From 28 February to 2 March 2017 the team of the National Disability Arts Collection and Archive (NDACA), a project delivered by Shape, were in residence at ‘The Gallery’ at Buckinghamshire New University, the host of the NDACA Research Space and Repository which will open in April 2018.
Nina Thomas, who assisted with the digitisation of the work whilst learning more about NDACA and the Disability Arts Movement, describes her experience…
I recently had the pleasure of supporting the National Disability Arts Collection and Archive (NDACA) during a week at Buckinghamshire New University (Bucks). NDACA is a £1 million Heritage Lottery Fund project, delivered by Shape Arts, that aims to celebrate 30 years of the Disability Arts Movement. During the week at Bucks, we documented a number of items for the archive, which have been donated by many different people associated with the Disability Arts Movement. All the items had a particularly political focus, donated entirely by Baroness Jane Campbell DBE.
Campbell is a key political figure within the movement. Now a crossbench peer in the House of Lords, she has spoken of her past achievements as a grassroots activist as having “helped people to think again”. Indeed, what NDACA has shown me of the Disability Arts Movement has made me think again, challenging every stereotype there is about what it is to be a disabled person and often through a mixture of anger, laughter, and sheer stubbornness.

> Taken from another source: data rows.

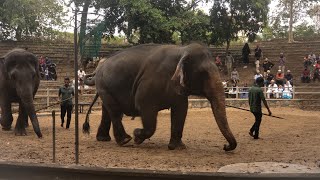 The activities of elephants are amazing elephant viralvideo [upl. by Nayt969]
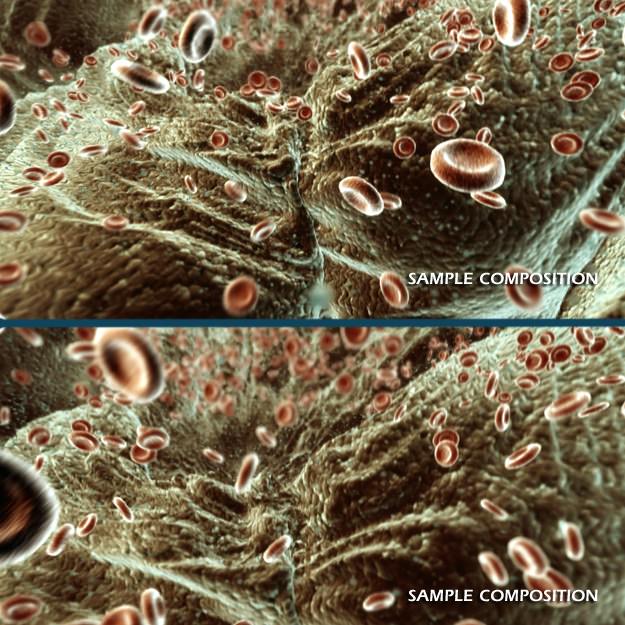 Red Blood Cells Animated 3D model_7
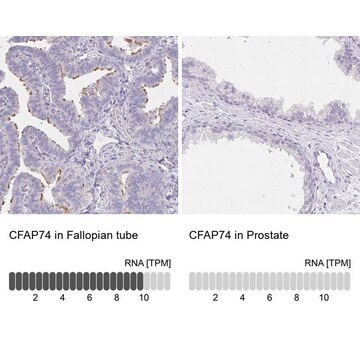 Anti-CFAP74 antibody produced in rabbit Prestige Antibodies&#174; Powered by Atlas Antibodies, affinity isolated antibody, buffered aqueous glycerol solution, ab3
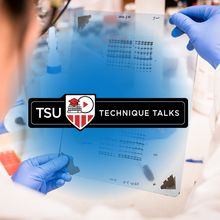 Winning Westerns: Tips and Tricks for Protein Electrophoresis and Western Blotting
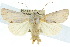  ( - 10ANIC-08092)  @15 [ ] CreativeCommons - Attribution (2010) CBG Photography Group Centre for Biodiversity Genomics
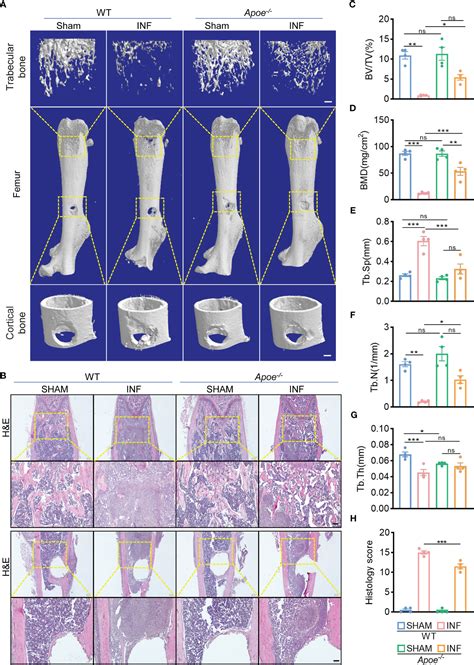 Frontiers Apolipoprotein E Deficiency Potentiates Macrophage Against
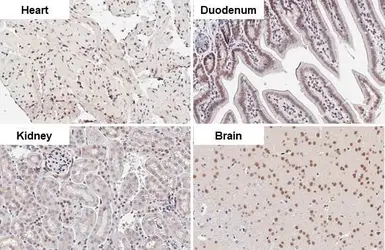 Anti-CHD2 antibody [HL2066] used in IHC (Paraffin sections) (IHC-P). GTX637970
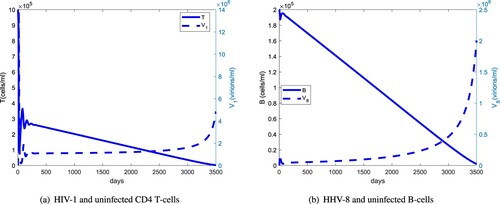 Figure 7. Comparison of the long-term dynamics of the uninfected CD4 T cells and B cells with regard to HIV-1 and HHV-8 load: (a) HIV-1 and uninfected CD4 T cells and (b) HHV-8 and uninfected B cells.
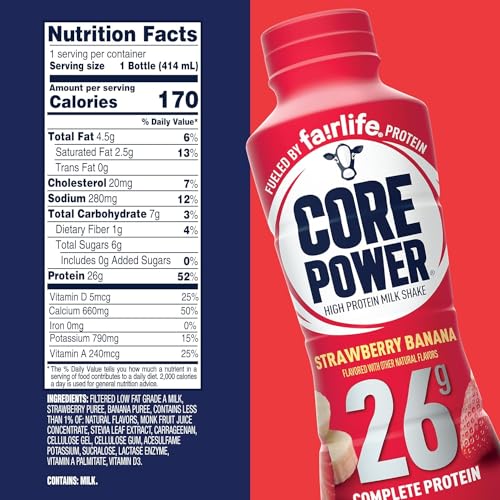 10 Pack Chocolate Vanilla Strawberry Protein Shake K283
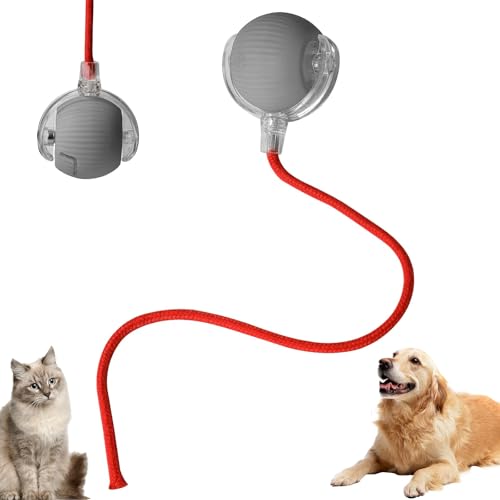 Lifetter Chewie Viraler Rollball - Smart Katzenspielzeug, Elektrischer Hundeball, Automatischer 360° Rolling Chase Mate, Doggie Ball für Haustiere Lifetter Chewie Viraler Rollball - Smart Katzenspielzeug, Elektrischer Hundeball, Automatischer 360° Rolling Chase Mate, Doggie Ball für Haustiere von lifetter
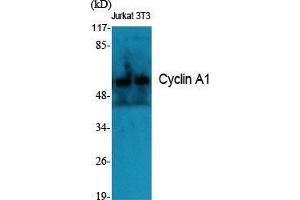 Western Blot (WB) analysis of specific cells using Cyclin A1 Polyclonal Antibody. (Cyclin A1 anticorps  (C-Term))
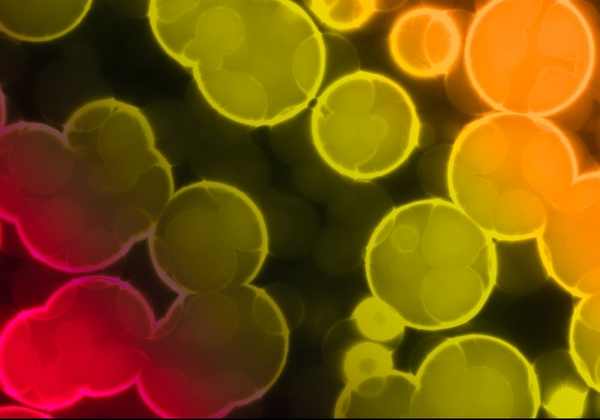 Targeting the Bacterial Cell Wall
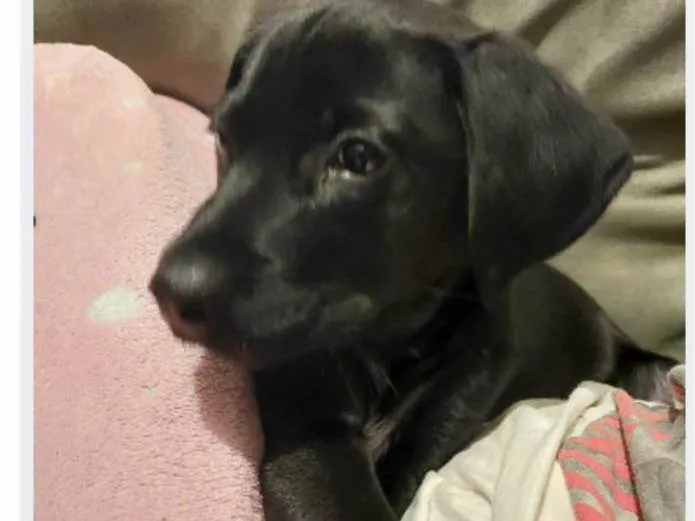 Cachorro ra a SRD-ViraLata idade 2 a 6 meses nome Falar com Léa - Whats 11 94822-6603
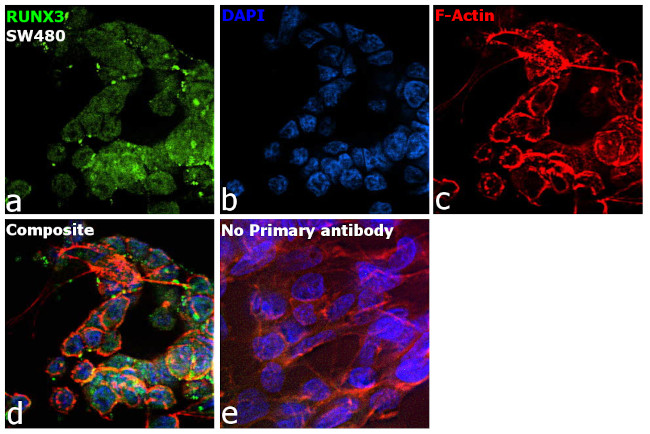 RUNX3 Antibody in Immunocytochemistry (ICC/IF)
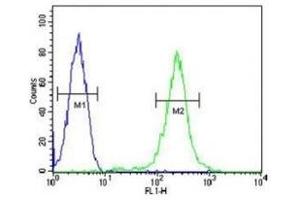 CFP antibody flow cytometric analysis of CEM cells (green) compared to a negative control (blue).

I admire the disabled activists who show us all how political change can be achieved. Baroness Campbell was defiant when she declared ‘I’m not dead yet’ in response to the Assisted Dying Bill, asking for assistance to live rather than die.
There are many voices in the archive and it was a pleasure to hear more about the people they belonged to during the week I spent at Bucks. NDACA demonstrates how creative, challenging, and collaborative the Disability Arts Movement has been and continues to be today. It is the sense of inclusiveness and community that I value – each disabled person supporting and inspiring one another.
The history of direct action within the movement itself demonstrates how much stronger we are together. Baroness Campbell has spoken of how on her “first big demo … [she] took hundreds of wheelchair users on to Westminster Bridge, stopping the traffic. Here were the poor disabled breaking the law – the police couldn’t get their heads around it!” This sense of surprise is often present within the archive.
My identification with the term ‘disabled person’ is a recent one and so I have experienced a kind of joyful and personal discovery when viewing NDACA. I align myself with the Social Model of Disability (as do most of the people featured within the archive) because it suggests that rather than my body being the problem, it is society that creates barriers or fails to remove them, and this is the issue that must be overcome – click here to read more about the Social Model. It was a revelation to me, and discovering other disabled people who openly declared ‘Piss on Pity’ when asking for equal rights has inspired me immensely. The discussions I had with NDACA Project Team and others during the week at Bucks were engaging and uplifting. There was plenty to talk about!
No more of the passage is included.